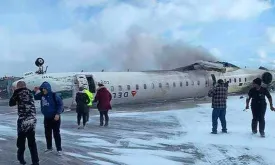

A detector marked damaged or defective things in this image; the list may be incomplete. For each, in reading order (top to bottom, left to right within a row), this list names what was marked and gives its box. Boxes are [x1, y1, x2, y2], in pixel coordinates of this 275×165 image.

crashed airplane [11, 58, 274, 108]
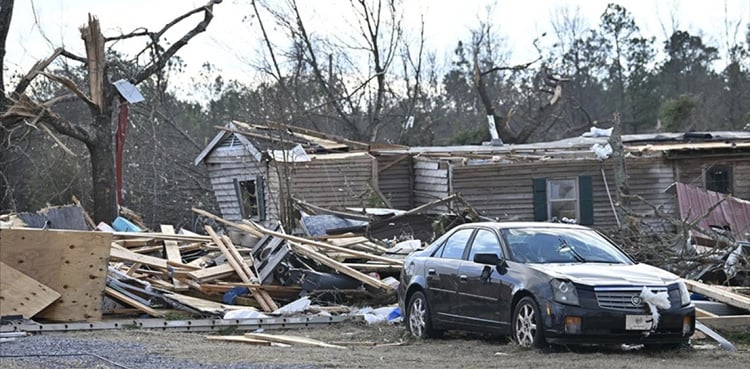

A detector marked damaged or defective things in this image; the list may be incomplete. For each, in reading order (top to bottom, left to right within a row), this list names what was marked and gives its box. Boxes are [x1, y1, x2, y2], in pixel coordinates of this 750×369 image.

splintered lumber [0, 260, 61, 318]
splintered lumber [0, 226, 111, 320]
splintered lumber [104, 288, 163, 316]
splintered lumber [162, 224, 189, 290]
splintered lumber [204, 224, 278, 310]
splintered lumber [244, 220, 402, 266]
splintered lumber [290, 242, 394, 290]
splintered lumber [688, 278, 750, 310]
splintered lumber [247, 330, 350, 348]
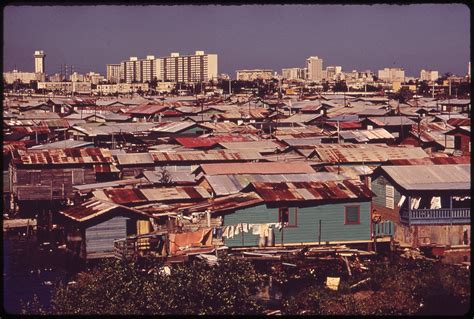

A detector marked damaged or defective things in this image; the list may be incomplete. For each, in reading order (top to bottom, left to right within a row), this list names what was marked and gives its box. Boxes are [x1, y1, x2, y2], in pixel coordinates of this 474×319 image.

rusted metal roof [11, 149, 115, 166]
rusted metal roof [312, 145, 430, 165]
rusted metal roof [382, 165, 470, 190]
rusted metal roof [252, 181, 374, 204]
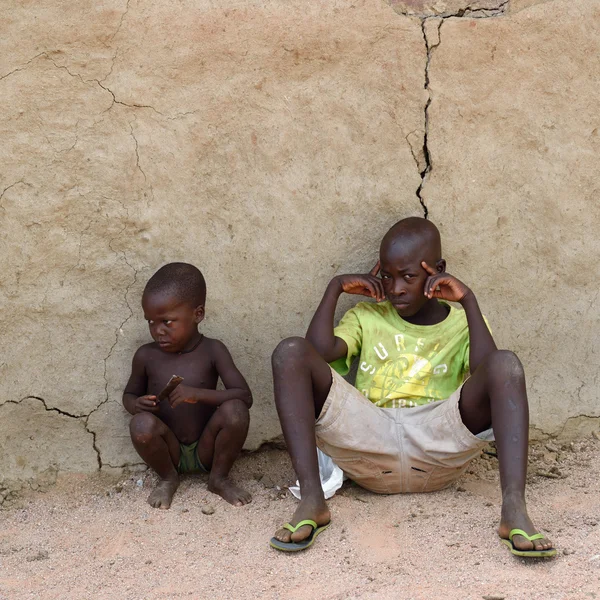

◆ **EXERCISE PROMPT**
Each record above has to be written out again in full, but its pictures must not be.

◆ **PROBLEM SOLUTION**
A detector marked damaged or defective things in this image; the list may be incomplete. For each, in reading order (top to bottom, left to right within a row), this list names what was marked and gives its box. Boxes are [x1, y1, x2, y2], in pixel coordinates of this 275×165 image.

crashed airplane [11, 58, 274, 108]

A detector marked damaged or defective things in this image; the list may be incomplete. For each, in reading order (top to bottom, left to right within a row), this list names what was marked and gives its box. Boxes are [x1, y1, x2, y2], in pixel coordinates of this 750×369 image.

splintered lumber [0, 260, 61, 318]
splintered lumber [0, 226, 111, 320]
splintered lumber [104, 288, 163, 316]
splintered lumber [162, 224, 189, 290]
splintered lumber [204, 224, 278, 310]
splintered lumber [244, 220, 402, 266]
splintered lumber [290, 242, 394, 290]
splintered lumber [688, 278, 750, 310]
splintered lumber [247, 330, 350, 348]

A detector marked damaged or defective things in this image; the list may be incomplete. For each, in reading order (top to bottom, left to right within a row), this list names what was marked and gives its box. Boxes are [x1, y1, x2, y2], in pixel coordinates of this 474×319 image.

rusted metal roof [11, 149, 115, 166]
rusted metal roof [312, 145, 430, 165]
rusted metal roof [382, 165, 470, 190]
rusted metal roof [252, 181, 374, 204]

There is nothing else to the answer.